With Brexit dominating the headlines, businesses are facing a period of uncertainty, no matter what the outcome of the next few months. One of the ways to reduce some of that uncertainty is to be very clear about what arrangements your business has with those it deals with, and those it relies on.

What are some of the common pitfalls?

Simple steps such as ensuring that you are clear who your client is, who you are invoicing or charging and who you expect to recover your charges from, are essential. It seems almost too obvious to mention, but we routinely deal with clients who think they have contracted with Mr X, only to find they have (or should have) contracted with Mr X’s company – or vice versa.

Other basic considerations include being very clear what the price is and what you are delivering in return. This is more of an issue with the delivery of services, which can often be subject to “mission creep”. If you quoted for a particular piece of work, but during the course of that it becomes clear that something more, or something different, is needed, do your terms (and your commercial processes) ensure that you pick up and deal with this work as a “change”, so that you can charge accordingly?

You should also make sure that your terms contain clear triggers for when you are entitled to raise invoices, and when those invoices are due to be paid.

How do we make sure our contract terms apply?

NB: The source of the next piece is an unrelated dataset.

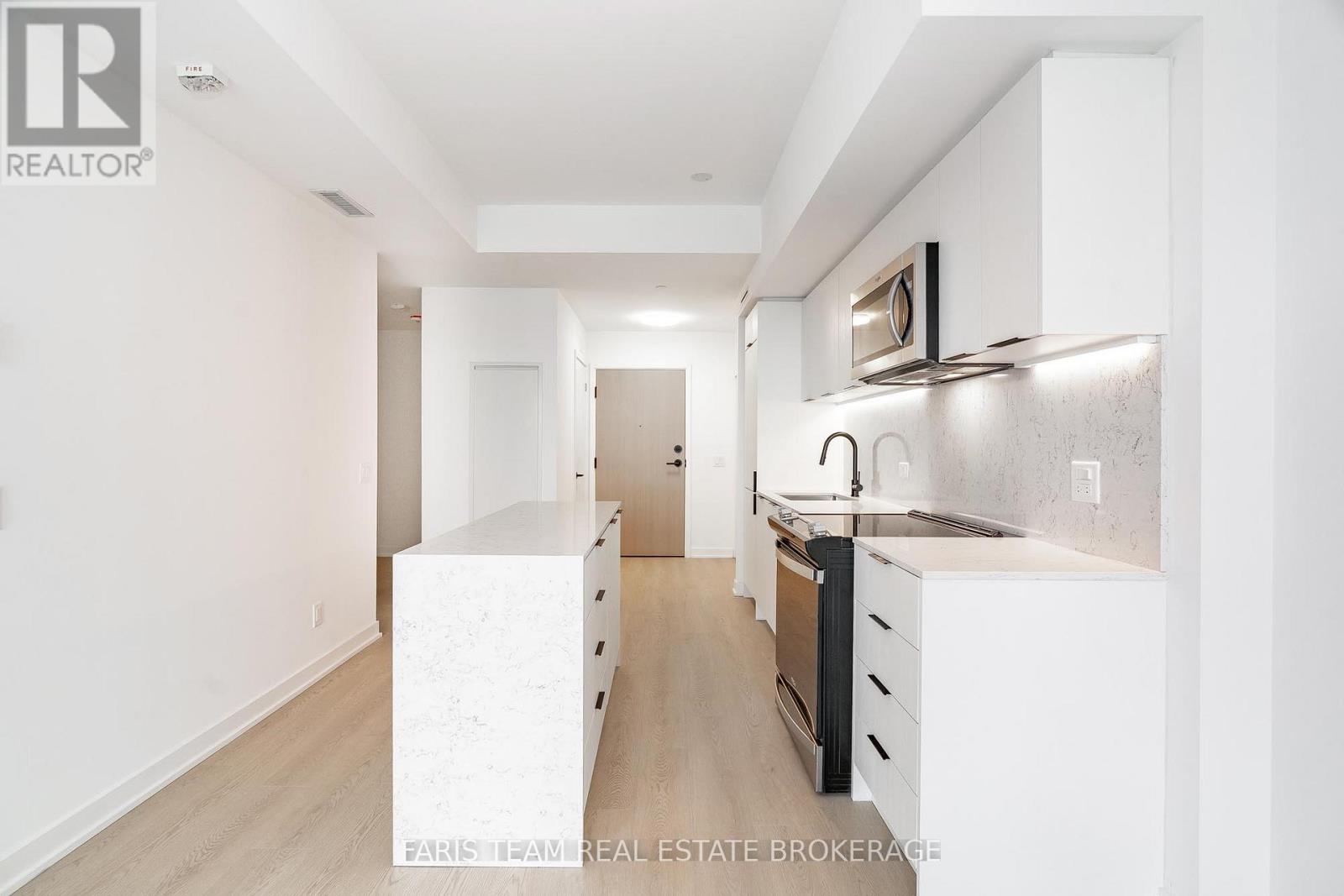 #412 31 HURON STREET - 11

If (as we would hope and advise) you have invested your time and money in making sure that your terms are up to date, and that they reflect what arrangements your business wants and needs to have in place, then you will want to pay some attention to the mechanism and process that you use to communicate those terms.

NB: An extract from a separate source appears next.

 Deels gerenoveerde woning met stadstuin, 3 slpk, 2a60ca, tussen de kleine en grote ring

For most businesses, ensuring terms are incorporated into the contract comes down to ensuring that they appear on the website in a way that is accessible and linked to in a suitably logical and transparent way, for example, online contact forms and order forms. There should be a discussion with your website designer to discuss the pathway that a user takes on their journey through your site, to ensure that they are required to confirm they have read and agree to any relevant terms at the appropriate point in the process.

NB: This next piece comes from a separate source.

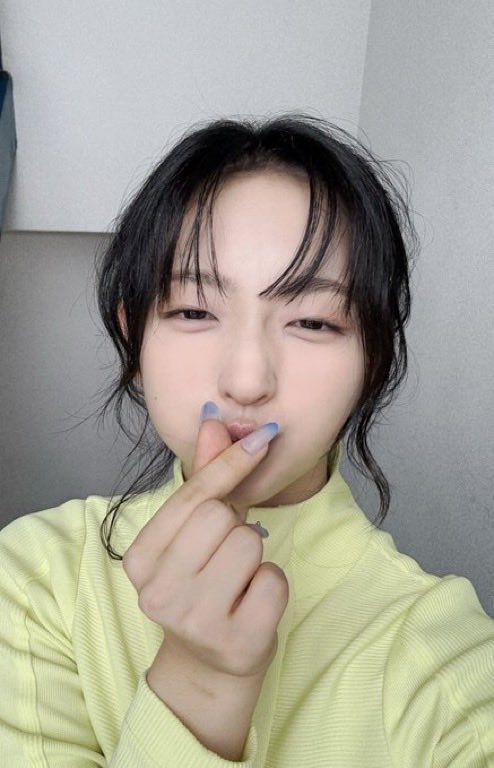 a2Ovara's tweet photo. 아니 늑대아니엿냐고
보라지금완전시골똥깨자냐 https://t.co/Ca0X4tJDcc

Does it matter what our terms look like?

Where there are any terms that are particularly unusual or onerous, particular care should be taken to ensure that they are drawn to the other party’s attention. These are sometimes referred to as “red hand” clauses, after the following comment by Lord Justice Denning in the case of J Spurling Ltd v Bradshaw: “… the more unreasonable a clause is, the greater the notice which must be given of it. Some clauses which I have seen would need to be printed in red ink in the face of the document with a red hand pointing to it…”
In the digital age, red ink might not be required, but a red or other striking colour might be. Or a business could look at other design tools such as font size or boldness, or layout tools, such as boxes and spacing.
A typical example of this type of clause is a clause that is included to exclude or limit the liability of the party setting out their terms.
To keep with the colour theme, contracts might also be subject to the blue pencil test. This refers to the ability of the court to use its “blue pencil” to delete any parts of a clause that are invalid, but to leave in place the rest of the clause.
Both the wording and the layout of the contract terms need to take into account the potential for the blue pencil to be wielded, and to separate out elements of a clause if they might need to be considered in isolation from each other. Again this is an issue most commonly faced when dealing with exclusion or limitation of liability clauses.

It’s about the whole picture…whatever the colour

You can have the most relevant, most beautifully drafted terms, but you need to think about your interaction with potential customers from the first point of engagement. If they never see (or get directed to) those terms, then that isn’t going to help you in enforcing them if there is any dispute.